▶ [Required action] Give back only the lines in the records below from the one with "120,000 ethnic Armenians start leaving Nagorno-Karabakh 120,000" to the one with "Heures supplémentaires : cadre", both inclusive, word for word.

-------- Raw data

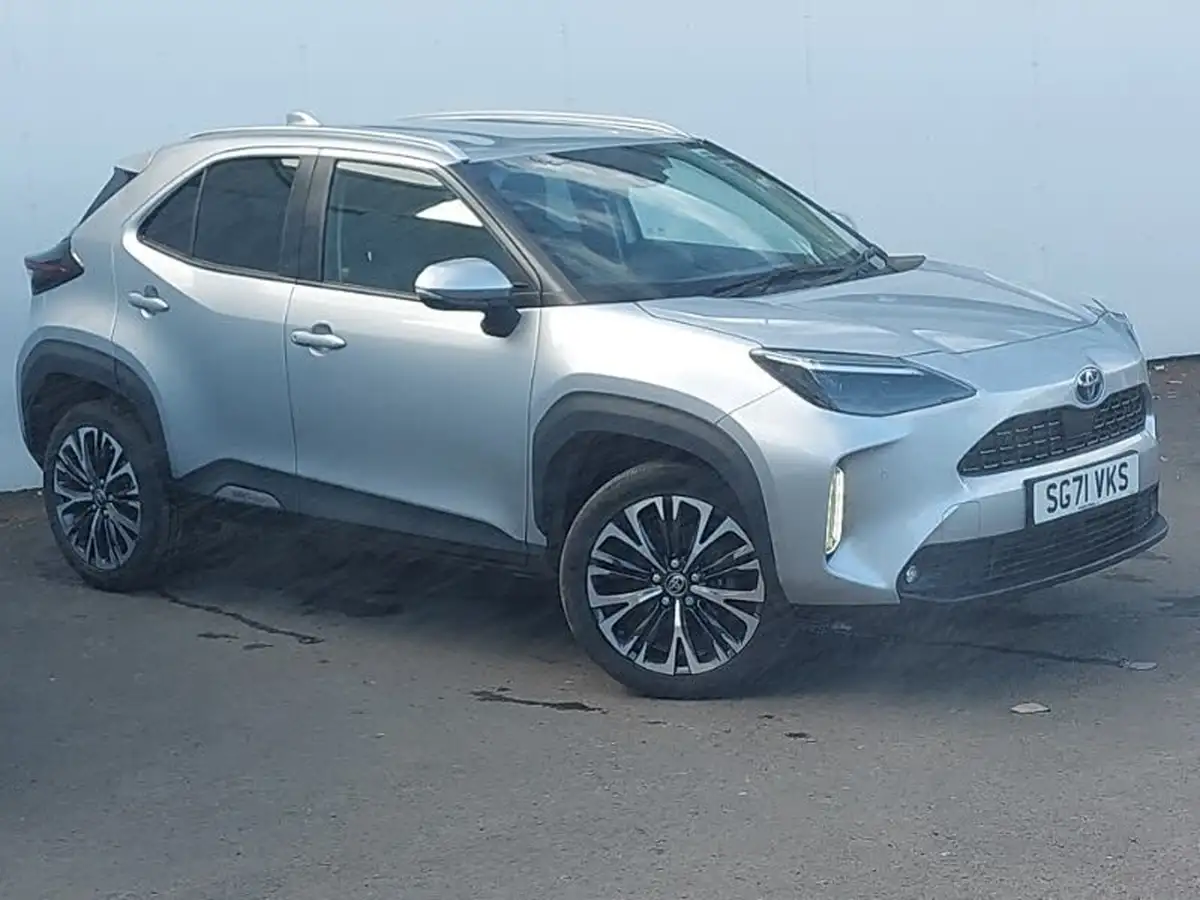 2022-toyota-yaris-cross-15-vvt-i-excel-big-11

----------------
-------- Raw data

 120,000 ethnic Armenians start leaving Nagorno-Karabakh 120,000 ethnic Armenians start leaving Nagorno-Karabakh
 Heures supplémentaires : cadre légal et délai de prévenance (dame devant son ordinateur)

----------------

▶ [Solution to this problem]
 120,000 ethnic Armenians start leaving Nagorno-Karabakh 120,000 ethnic Armenians start leaving Nagorno-Karabakh
 Heures supplémentaires : cadre légal et délai de prévenance (dame devant son ordinateur)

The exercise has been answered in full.